2013

Another great joy this year has been a growing friendship with a wonderful young artist Michelle McCullough with whom I corresponded because she draws horses so beautifully. At last year’s Racehorse Owner’s Association lunch, Michelle introduced herself saying she’d read Jump! and had painted a portrait of how she imagined my heroine horse, Mrs Wilkinson. The only changes I suggested, when she sent me a wonderful sketch, were that as Mrs Wilkinson was blind in one eye, her other eye should be bigger and more lustrous with black lashes on the lower lid.

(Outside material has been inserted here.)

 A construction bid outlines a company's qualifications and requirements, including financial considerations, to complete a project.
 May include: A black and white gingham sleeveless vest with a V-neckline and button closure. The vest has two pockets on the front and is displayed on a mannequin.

As a result I so loved the picture, when it was on show at Michelle’s very successful exhibition at the Osborne Gallery in November, I had to buy it. It now hangs in the drawing room admired by everyone.


Michelle McCullough’s interpretation of Mrs Wilkinson from Jump!

Michelle has recently married Peter Wilson, who won an Olympic Gold for shooting so they truly are a golden couple. Sir Mark Prescott, the great trainer, is also a huge fan of Michelle, whose first book entitled Racing includes sketches of many of his horses. It was extraordinary, he claimed, he could recognise each one from the smallest drawing.

Joys apart, the year has not been without its great sadness. My darling Leo is confined to bed now, except for a couple of hours in a chair, and bears horrible Parkinson’s with amazing fortitude and humour. In fifty one years of marriage I don’t think I’ve admired him quite so much as I do at the moment.

One of the great comforts has been our live-in carers provided by Corinium Care. Two from Zimbabwe, Lindy and Ashleen, were with us for such long stints and became such friends that I have introduced a glamorous Zimbabwean carer in Leading Sire, who tries to keep Rupert Campbell-Black’s dotty bottom-pinching father under control.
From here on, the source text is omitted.